The Energy Efficiency Act came into force in August 2011. The Act implements Directive 2006/32/EC of the European Parliament and of the Council of April 5th 2006 on energy end-use efficiency and energy services. The Energy Efficiency Act establishes a national target for economical energy use, whereby savings of end-use energy until 2016 should be no less than 9% of the annual national consumption of energy. In line with the new act, PGNiG, as a trading company, is required to purchase energy efficiency certificates or else to pay non-compliance penalty. This will drive up the cost of regulated activities and, consequently, inflate gas prices paid by customers.
Tariff Calculation
PGNiG’s ability to cover costs of its core operations depends on tariff prices approved by the President of URE. While approving tariffs for a given period, the President of URE considers other external factors, which are beyond PGNiG’s control. In an attempt to protect disadvantaged customers, in his review of operating expenses the President of URE may consider certain cost unjustified. Moreover, the President of URE does not always accept the assumptions adopted by PGNiG with respect to main drivers of cost changes and profit targets allowing for business risk. As a consequence, the URE may also refuse to approve tariff prices and charges applied for by PGNiG. Lower tariff prices and charges might adversely affect our profitability.
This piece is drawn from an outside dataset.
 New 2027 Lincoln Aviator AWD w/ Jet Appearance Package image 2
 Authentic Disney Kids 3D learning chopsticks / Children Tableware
Purchase Price of Imported Gas
Prices of imported gas are denominated in the US dollars or the euro and are based on prices of petroleum products. Changes in foreign exchange rates and prices of petroleum products materially affect cost of imported gas. Even an accurate forecast of natural gas prices may be subject to material errors. There is a risk that despite the legal possibility of adjusting prices approved for a tariff term, an increase in the price of imported gas may not be fully passed onto customers or the changes in selling prices may lag behind the changes in import prices.
Resource Discoveries and Estimates
The main risk inherent in exploration is the risk of failure to discover reserves, i.e. the exploration risk. This means that not all the identified potential deposit sites have deposits of hydrocarbons, which can qualify as an accumulation. Whether or not a sufficient accumulation exists depends on a number of geological factors. Furthermore, the actual quantity and quality of the accumulated hydrocarbons may differ from estimates. When the results of successful exploration activity, in the form of new reserves, do not offset the production from the existing reserves, PGNiG’s recoverable reserves will decrease pro rata to the current production volumes.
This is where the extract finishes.